In this brief review, we examine two recent actions by the FDA, a proposed rule regarding a color additive used in vegetarian burgers and a decision not to recall fish with high levels of scombrotoxin. We evaluated the FDA’s description of the criteria used to determine which outcomes should be considered adverse.


We describe three reasons why the FDA’s criteria for “adverse effects” is not public health protective. These include an unscientific requirement for a monotonic dose response, which conflates hazard assessment and dose response assessment while also ignoring evidence for non-linear and non-monotonic effects for many environmental agents; a requirement that the effect be observed in both sexes, which fails to acknowledge the many sex- and gender-specific effects on physiology, disease incidence and severity, and anatomy; and a requirement that the effects are irreversible, which does not acknowledge the role of exposure timing or appreciate transgenerational effects that have been demonstrated for environmental chemicals.
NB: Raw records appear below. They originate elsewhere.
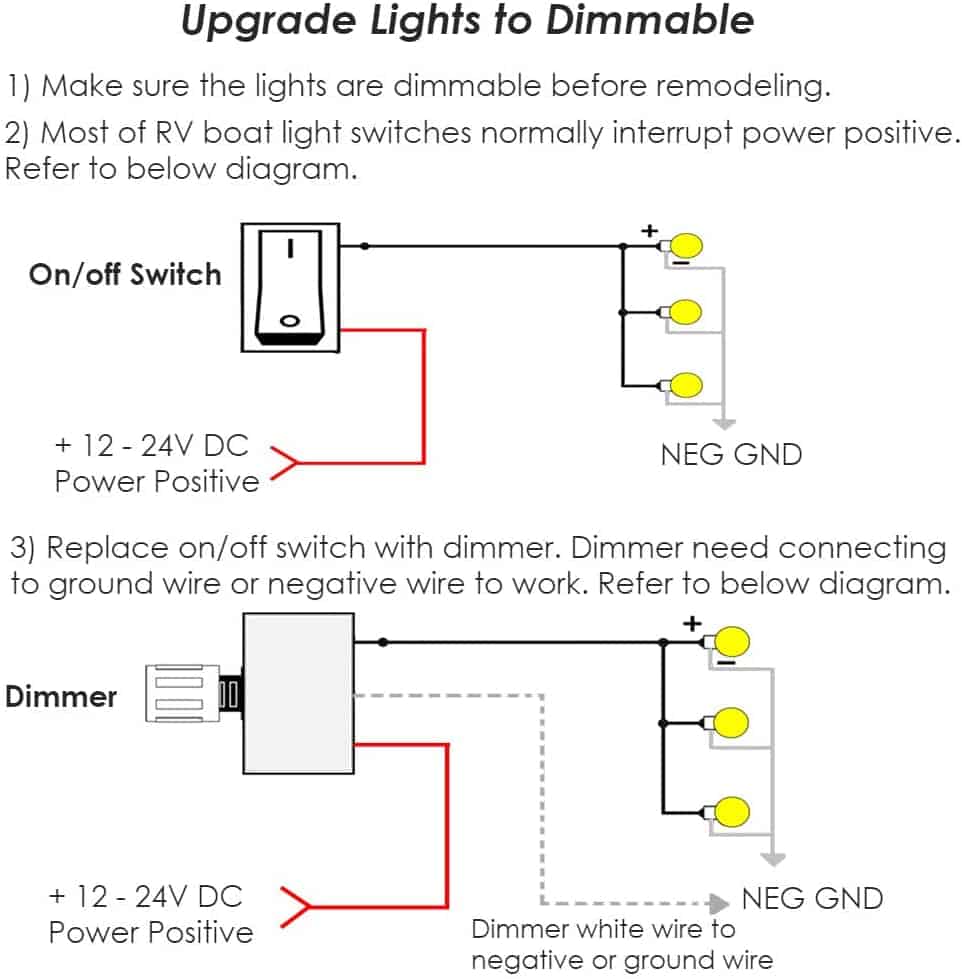 Outdoor Dimmer Switch, How To Make A Lamp Dimmer Switch Not Working
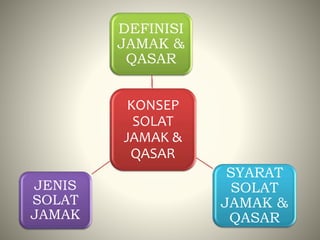 KONSEP
SOLAT
JAMAK &
QASAR
DEFINISI
JAMAK &
QASAR
JENIS
SOLAT
JAMAK
SYARAT
SOLAT
JAMAK &
QASAR
 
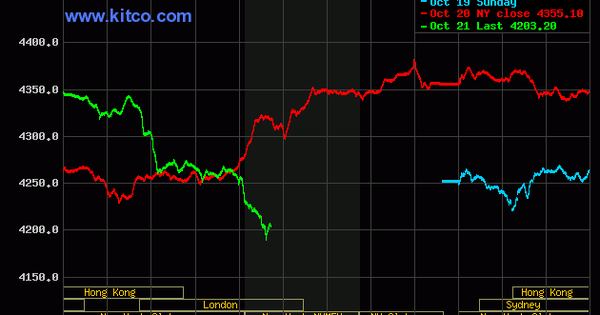 Tối 21/10: Giá vàng lao dốc mạnh, rơi sâu xuống dưới mốc 4.200 USD/ounce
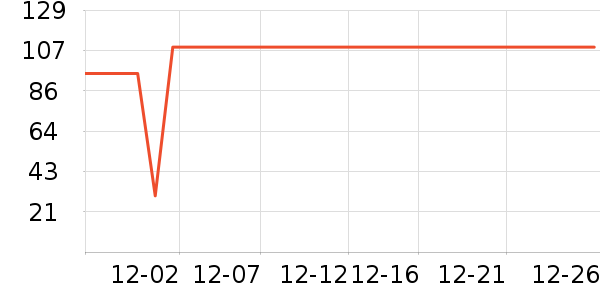 �������а���ʷ�۸�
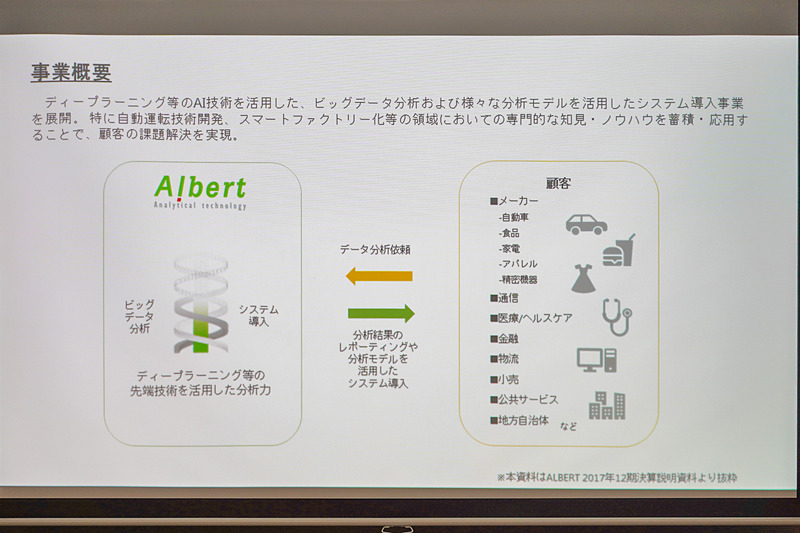 ALBERTの事業概要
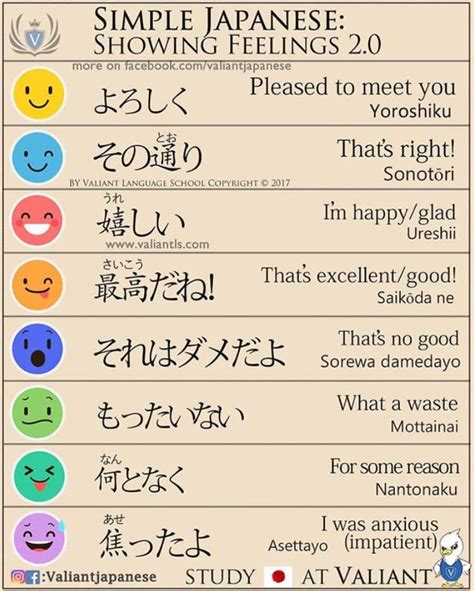 Pin De Wolf Fang En Learn Japanese Palabras Japonesas Frases Japonesas Palabras Japonesas En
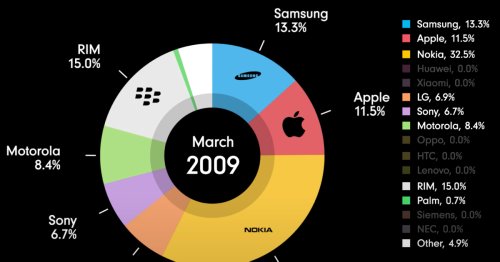 Animation: How the Mobile Phone Market Has Evolved Over 30 Years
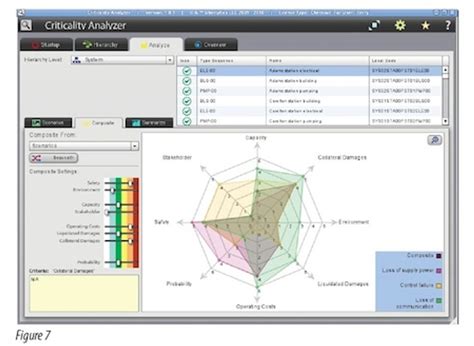 Reliabilityweb Risk And Criticality Understanding Potential Failure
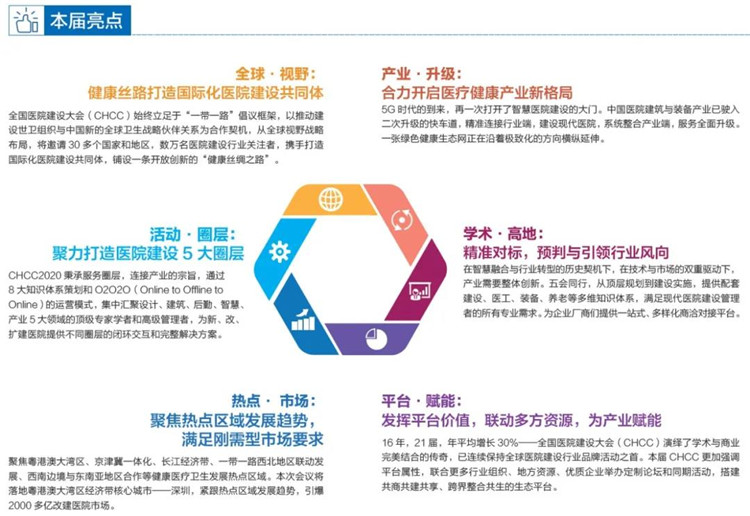 GMT医用自动门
The FDA’s criteria for identifying adverse effects are inadequate because they are not science-based. Addressing this is important, because the acknowledgement of adverse effects is central to regulatory decisions and the protection of public health.

Peer Review reports

The US Food and Drug Administration (FDA) is charged with protecting the safety of the nation's foods [1] from pathogens, such as E. coli, as well as from chemicals used in the production of food and food packaging. Both chemicals and pathogens can cause adverse health effects, but the specific adverse effects of their exposures are very different. For example, the US Centers for Disease Control and Prevention (CDC) estimates that 48 million Americans will become ill each year from pathogens and “unspecified agents” causing acute foodborne illnesses [2]; of these, 3,000 people (about 0.1% of the American population) will die. In contrast, greater than 95% of Americans (hundreds of millions of people) are exposed every day to chemicals found in food, and exposures to these chemicals have been shown to increase the risk of chronic, rather than acute, health effects [3].
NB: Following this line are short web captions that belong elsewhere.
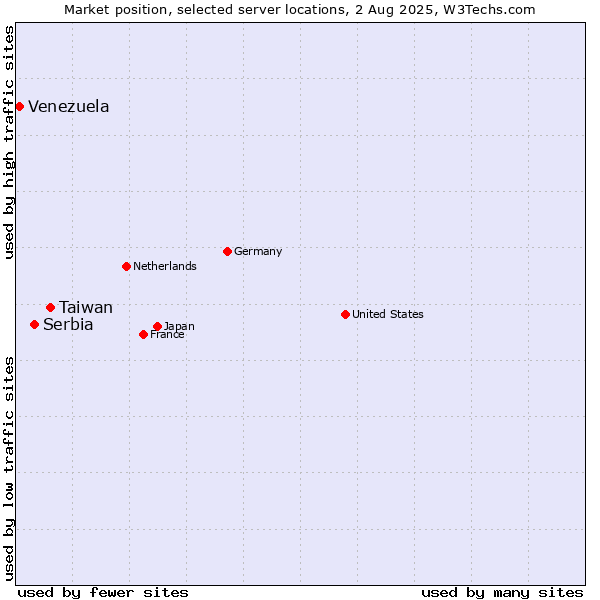 Market position of Taiwan vs. Serbia vs. Venezuela
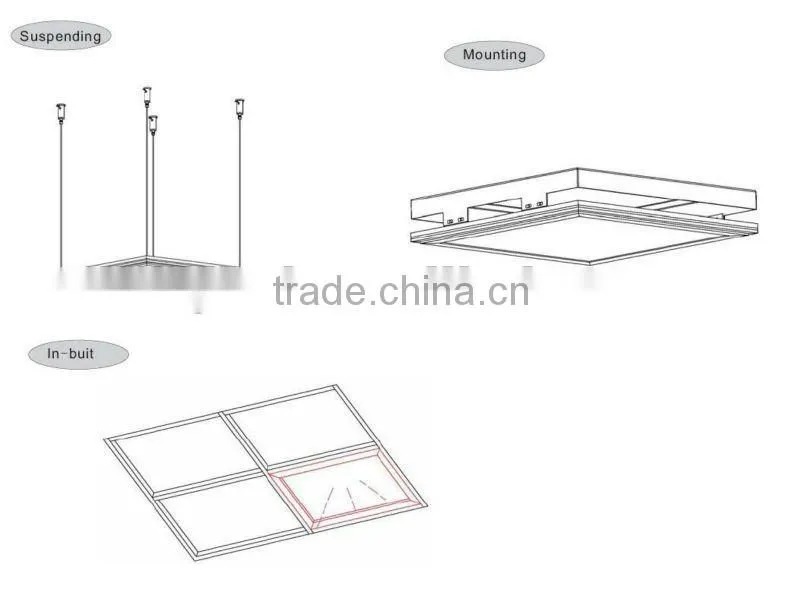 5000-6000K led panel lamp led light panels with CE ROSH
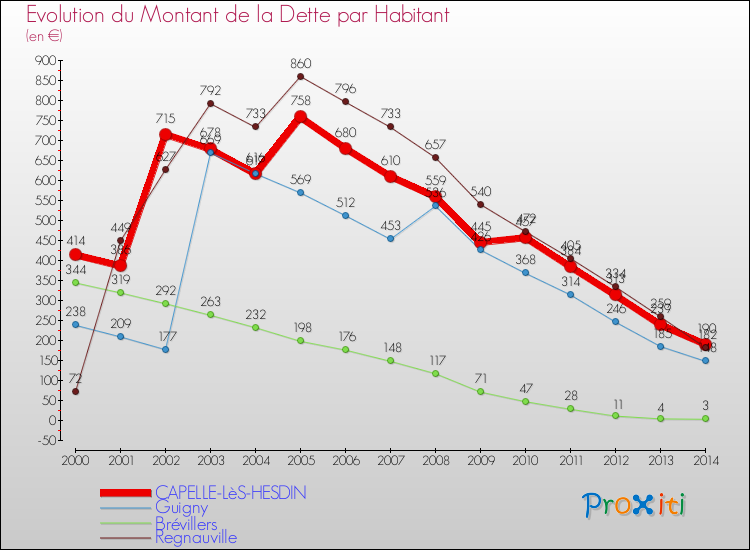 Evolution de la dette par habitant pour la commune de CAPELLE-LèS-HESDIN et les communes proches de 2000 à 2014 Comparaison de la dette par habitant pour CAPELLE-LèS-HESDIN et les communes voisines de 2000 à 2014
An agent has the potential to produce an adverse effect by virtue of its fundamental properties (e.g., it may be a carcinogen, a developmental toxicant, etc.). Thus, a central feature of “risk assessment” is the identification of an “adverse effect” caused by the hazard, and the “potency” of the hazard on that adverse effect. The adverse effect is a health “endpoint”, or measurement of something that a regulatory agency would consider to be important enough to regulate a chemical or pathogen to protect human health. For some pathogens, like specific strains of E. coli that cause death, the adverse effects of exposure are relatively straightforward. For other hazards, like chemicals such as phthalates or perfluoroalkyl and polyfluoroalkyl substances (PFAS) that are commonly found in food and food packaging [4, 5], exposures have been associated with increased incidence of various chronic diseases (or biomarkers of disease) [6,7,8]; in these cases, determining which measurable endpoints affected by environmental exposures are “adverse” is less simple [9, 10] but remains critical.
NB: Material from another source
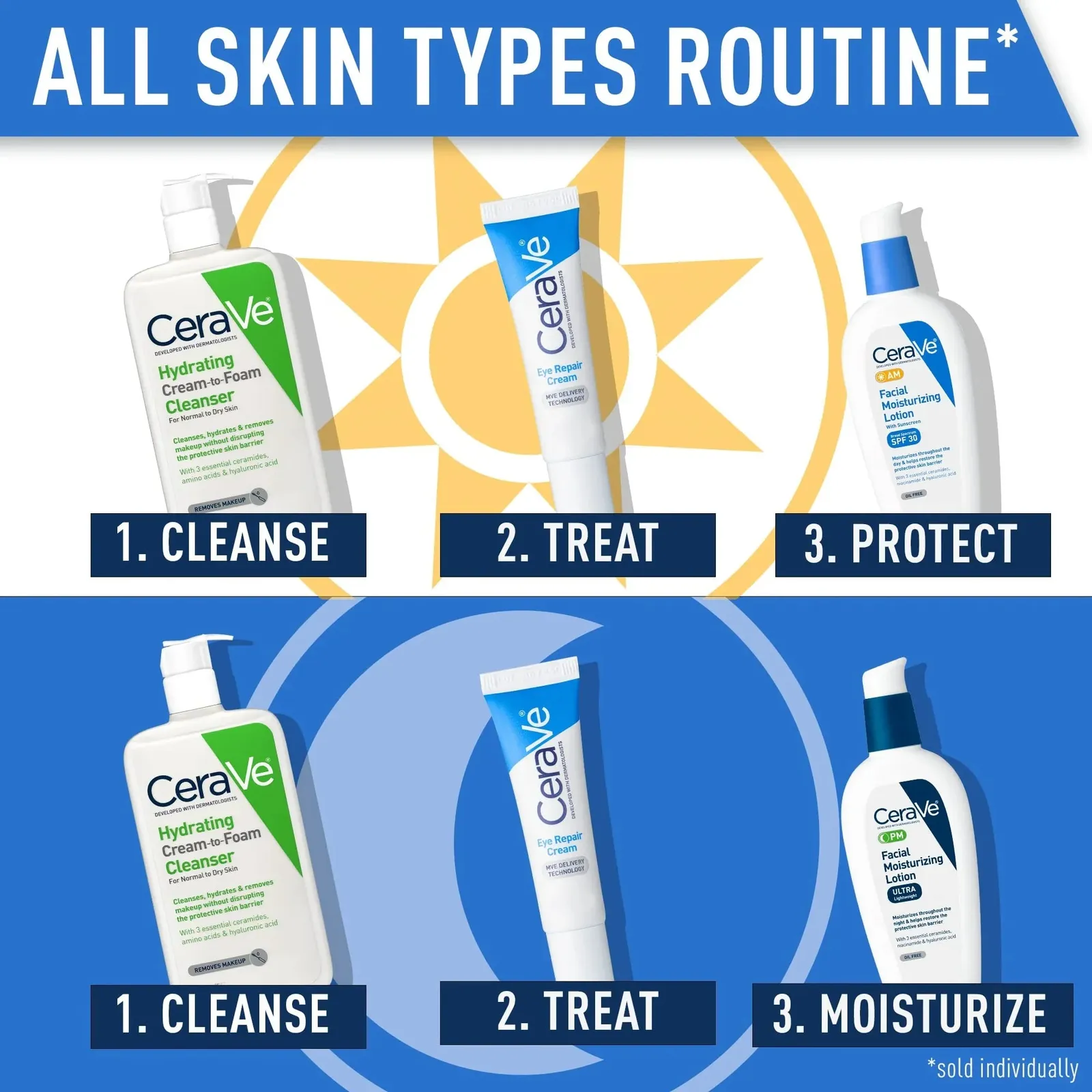 Eye Repair Cream, Under Eye Cream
Until recently, the FDA has not provided an objective, transparent explanation of what the agency considers an “adverse effect”[11]. This is important because an observed effect must be considered adverse for it to be used in a regulatory decision; in other words, if there is no adverse effect, no risk is anticipated and no action will be taken by a regulatory agency. The opacity of what the FDA considers an adverse effect makes it difficult for the consuming public to know whether any risk assessment is sufficient to protect public health. In addition, identification of the most sensitive adverse effect is critical for public health protection [10]. For example, if an agent causes death at one dose, but contributes to the incidence of type 2 diabetes at a million-fold lower dose, it is not public health protective to regulate on the basis of the exposure that causes death.

The FDA has recently written two decisions in which it defined the general characteristics it considers as an “adverse effect”. These declarations raise serious concern about how the agency defines and identifies adverse outcomes so that it can set total daily exposure limits that are health protective. In the first, the FDA was responding to objections raised by the Center for Food Safety on the agency’s proposed final rule regarding a color additive used in vegetarian burgers to make them appear more like ground beef [12]. The FDA wrote: “For an observed effect to be toxicologically relevant (i.e., potentially adverse), a clear dose–response should be seen (e.g., increasing the dose of a test substance causes an increase in the observed effect in the test subjects), and the observed effect should occur in both sexes of test species” [12] [emphasis added]. In the second example, the FDA investigated poisoning by scombrotoxin, which occurs when fish are not properly refrigerated and high levels of histamine are produced [13]. The FDA declined to pursue a mandatory recall of affected fish because “scombrotoxin fish poisoning causes temporary or medically reversible adverse health consequences” such as nausea, diarrhea, blurred vision, and respiratory distress [emphasis added] [14]. The public would likely question whether these outcomes would be considered inconsequential, and there is no further justification for why a medically treatable outcome should be ignored by a regulatory agency charged with protecting the public’s health. Furthermore, in some cases, individuals exposed to scrombotoxin can experience life-threatening anaphylactic reactions or cardiovascular conditions requiring hospitalization, especially if these individuals have other conditions that increase their medical vulnerability [15].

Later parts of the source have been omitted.